Beyond pure tech, structural barriers remain: architects are often reluctant to share data, truly open architectural corpora are rare, and many computer-vision tools for parsing plans or BIM are still early-stage—keeping pipelines depending on its current foundation: a clean, well-organized, consistently labeled dataset is essential—and, in practice, the hardest asset to obtain.
OUTLOOK
The path forward is clear and practical. Upstream, add a pre-ingest validator and schema map for the source CSVs, automatic context assignment (city + EPW + optional terrain), and guardrails for GH data-trees (typed branches, shape checks, and unit tests) so batch runs fail fast. For simulation scale, combine geometry cleaning with cloud batching, result caching, and—where appropriate—surrogate models to cut runtimes. For packaging, keep IFC lean (typed subsets, deterministic GUIDs, compressed deliverables) and push heavy analytics to the tabular/graph layers; add terrain/topography as an optional context layer. On the ecosystem side, publish versioned snapshots with manifests and QA reports to encourage reuse; design contribution guidelines that protect privacy while enabling openness; and keep investing in graph-native representations so adjacency, circulation, and performance can be learned directly by ML. In short, the workflow is viable and reproducible today; by hardening data handling, scaling simulations responsibly, and embracing open, graph-centric exports, this line of work can seed the next generation of performance-informed architectural tools.
PROGNOSTICS

The current dataset forms a strong foundation, but it also highlights the potential for further growth and refinement. The original Swiss Dwellings datset, includes around 3,000 buildings, 42 apartment typologies, more than 2 million datapoints, and over 90 space types.
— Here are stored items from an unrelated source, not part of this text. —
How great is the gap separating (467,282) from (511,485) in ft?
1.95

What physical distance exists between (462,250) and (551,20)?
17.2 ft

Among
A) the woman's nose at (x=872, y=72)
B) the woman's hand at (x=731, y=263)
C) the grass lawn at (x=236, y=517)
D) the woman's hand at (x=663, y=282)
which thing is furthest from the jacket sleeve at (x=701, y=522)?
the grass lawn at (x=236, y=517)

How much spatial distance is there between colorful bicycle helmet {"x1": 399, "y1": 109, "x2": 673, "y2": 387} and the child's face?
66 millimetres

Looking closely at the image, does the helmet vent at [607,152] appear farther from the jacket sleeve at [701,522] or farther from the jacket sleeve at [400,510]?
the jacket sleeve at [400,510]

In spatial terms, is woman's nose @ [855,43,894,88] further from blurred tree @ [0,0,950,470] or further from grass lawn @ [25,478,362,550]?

From the total buildings, around a 30% was processed through the pipeline.
Each building takes approximately three minutes to load, which makes the process computationally demanding but still manageable for large-scale exploration. For every building, we already run four different environmental simulations (sun hours, radiation, daylight, and annual daylight) across four seasonal days in ten different climates. To account for variability and reduce bias, each building can be matched to up to three candidate cities/climates, which provides both flexibility and robustness in analysis.
Looking forward, the dataset can be broadened in several directions. A direct next step would be to apply all three climate matches per building, effectively multiplying the dataset’s size and relevance without additional architectural modeling. This would make it possible to study how identical geometries perform across different contexts and climates, offering valuable insight for predictive models. On the technical side, the dataset can be distributed in five machine learning–friendly formats: CSV, XLSX, XML, IFC, and Pickle, ensuring compatibility with a wide range of analytical and computational pipelines.
In the longer term, further expansion could include additional building samples, more contextual data layers such as topography or greenery, and integration of real-world measurements to complement simulated values. By broadening the dataset in this way, we move closer to creating a comprehensive, flexible, and open architectural resource that supports both scientific research and design innovation.